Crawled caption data
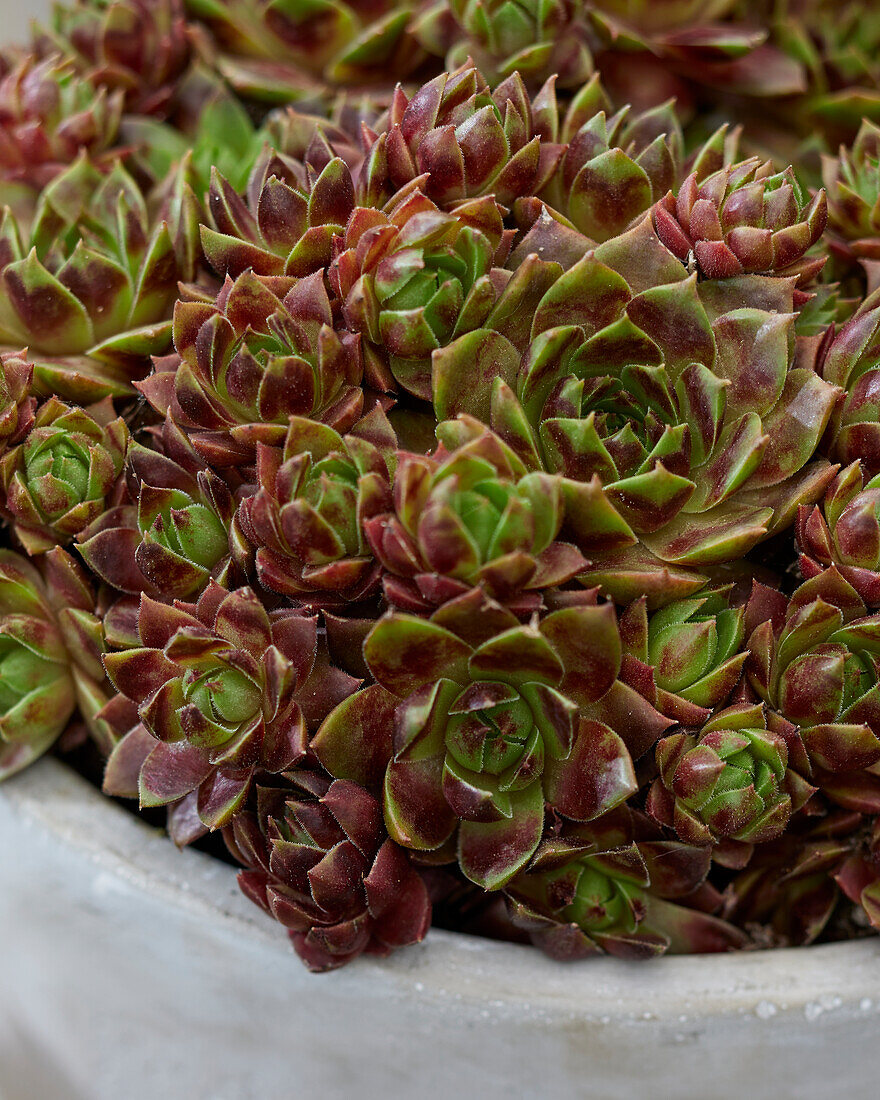 Sempervivum Ruby Line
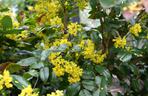 Mahonia pospolita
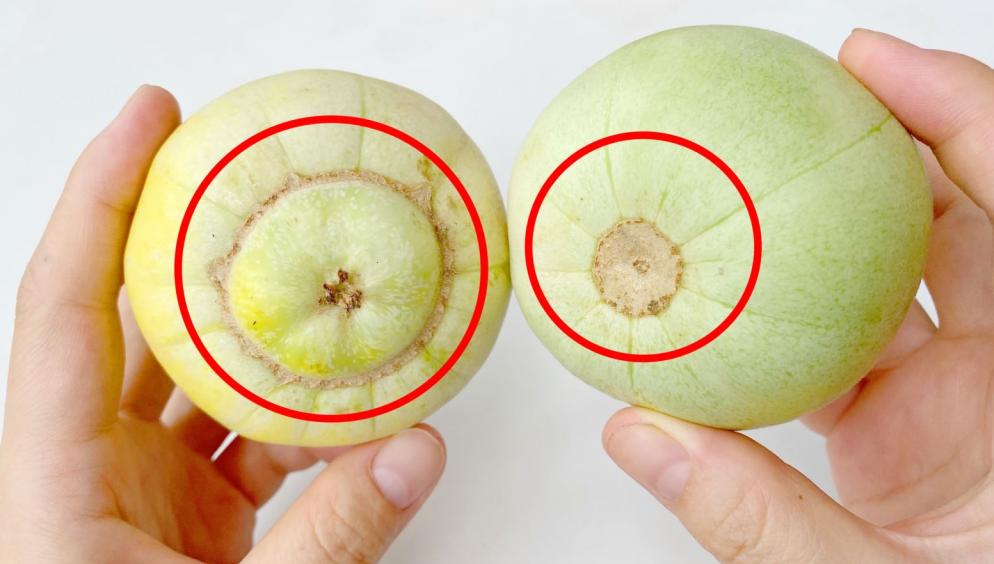 香瓜好不好吃怎么选,香瓜甜不甜完整版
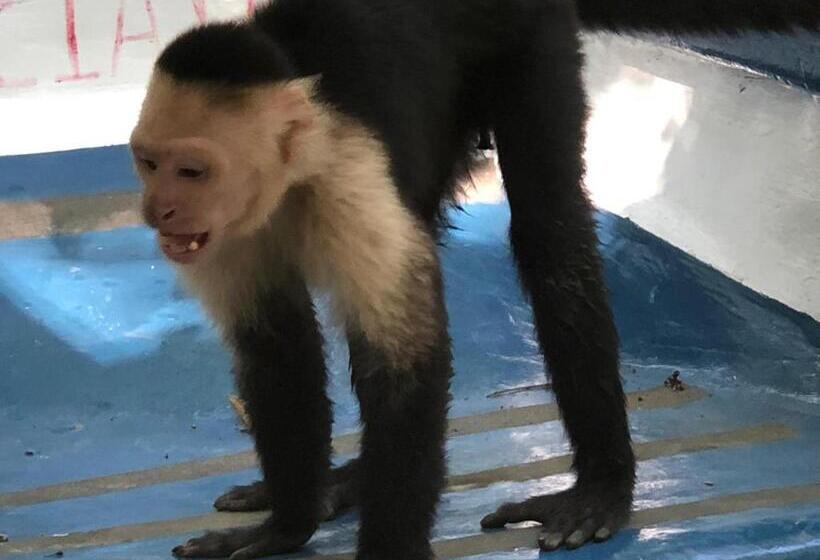 צימר Mar Verde Lodge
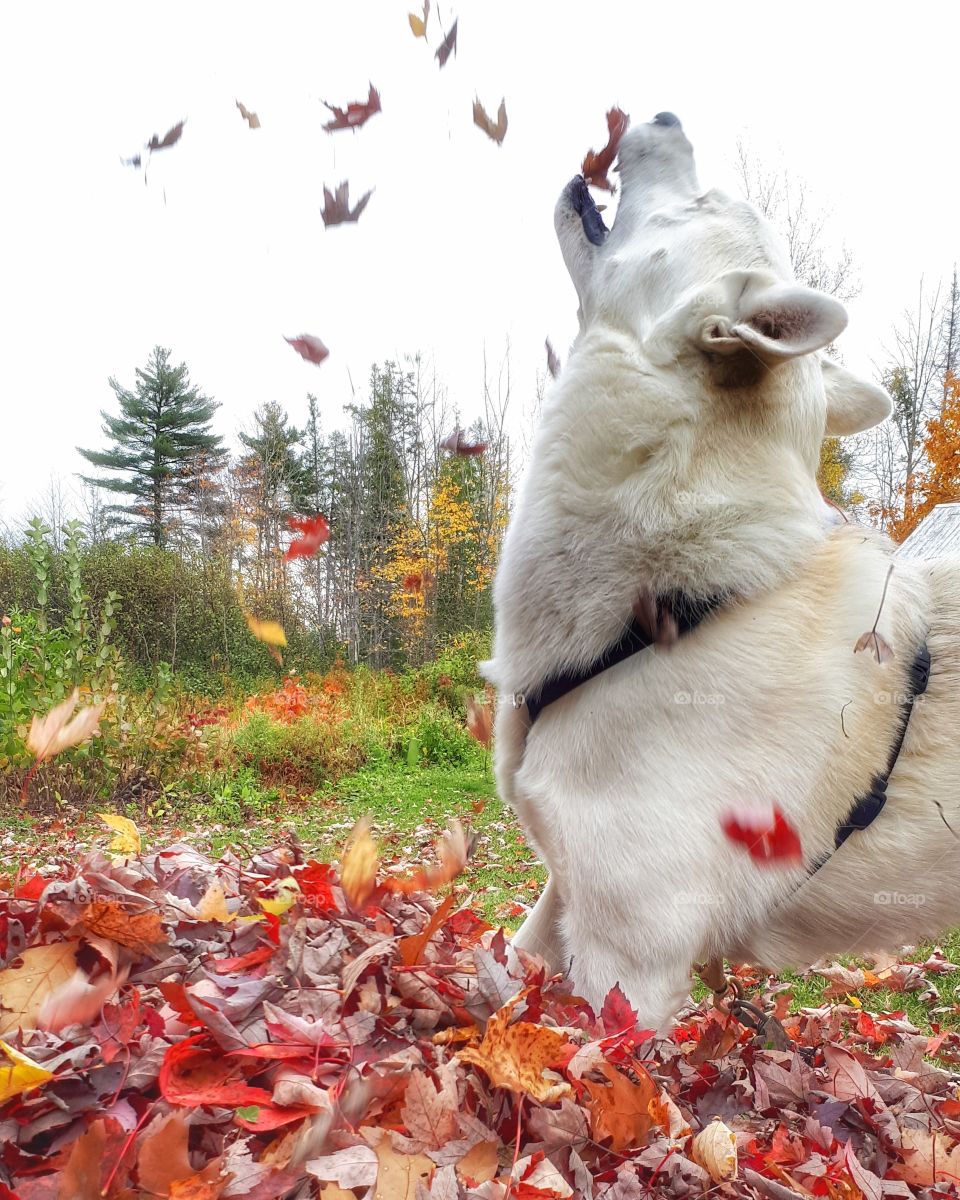 my dog catching leaves.
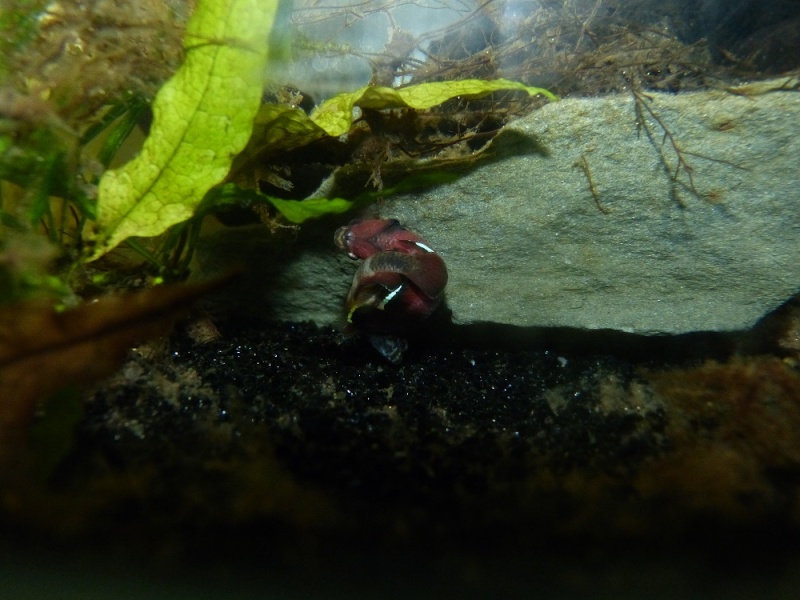 Betta channoides 510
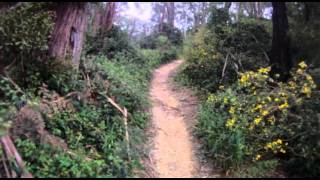 preview picture of video 'Wallaby Trail - Creswick Miners Walk - Section C of Trail'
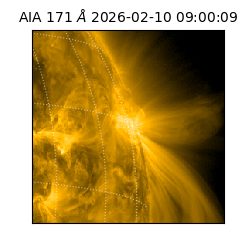 saia - 2026-02-10T09:00:09.350000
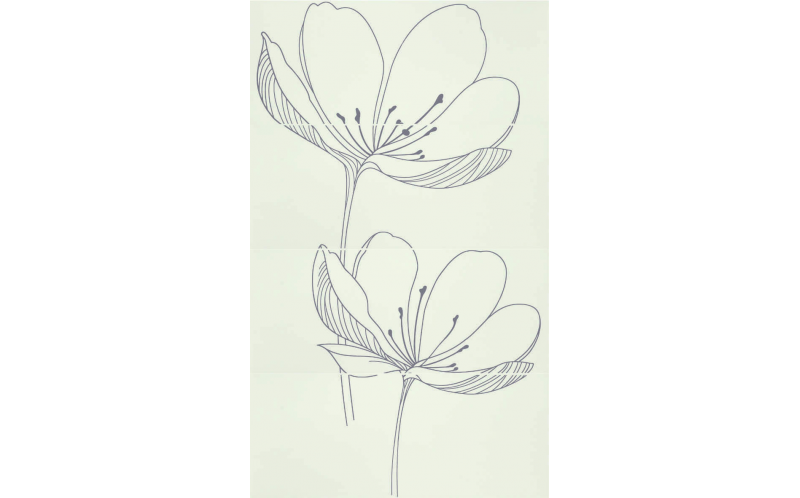 255D0RE DREAM B PLUME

◆ YOUR TASK
What is needed is a word-for-word copy of the lines from the one containing "Mahonia pospolita" through the final line of the records above, both included, with the pictures left out.

◆ EXPECTED ANSWER
 Mahonia pospolita
 香瓜好不好吃怎么选,香瓜甜不甜完整版
 צימר Mar Verde Lodge
 my dog catching leaves.
 Betta channoides 510
 preview picture of video 'Wallaby Trail - Creswick Miners Walk - Section C of Trail'
 saia - 2026-02-10T09:00:09.350000
 255D0RE DREAM B PLUME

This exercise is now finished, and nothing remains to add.